Basta dare uno sguardo al saggio di J. Allan Hobson – Sogna­re. Una nuova visione mente-cer­vello – per vedere quanti e quali progressi siano stati fatti in materia.

Ma le confutazioni più forti sono venute proprio dalla psicoanalisi stessa e, nello specifico, dalla psicologia analitica di Carl Gustav Jung.

Prima fra tutte, l’idea secondo cui i sogni non maschererebbero i contenuti latenti della nostra psiche, bensì li rivelerebbero, lasciando chiari indizi della nostra più intima natura.

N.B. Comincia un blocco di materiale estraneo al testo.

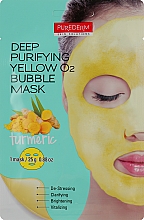 Maska tlenowa do głębokiego oczyszczania twarzy Kurkuma - Purederm Deep Purifying Yellow O2 Bubble Mask — Zdjęcie N1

In secondo luogo, va sempre ascritto a Jung il merito di aver in certo qual modo spezzato gli schematismi legati alla pretesa di universalizzare il simbolo onirico. Se Freud infatti, per via del suo rigore scientifico, aveva tentato di classificare, uno a uno, tutti i simboli, generalizzandone il significato, Jung li ha ripersonalizzati collegandoli all’esperienza della singola persona.

Come a dire: ognuno ha la sua maniera di leggerli. Tuttavia, l’apporto di Freud resta unico nel suo genere. Si fa presto a criticare le idee di coloro che ci hanno preceduti, ma di fatto senza di essi probabilmente saremmo ancora in alto mare.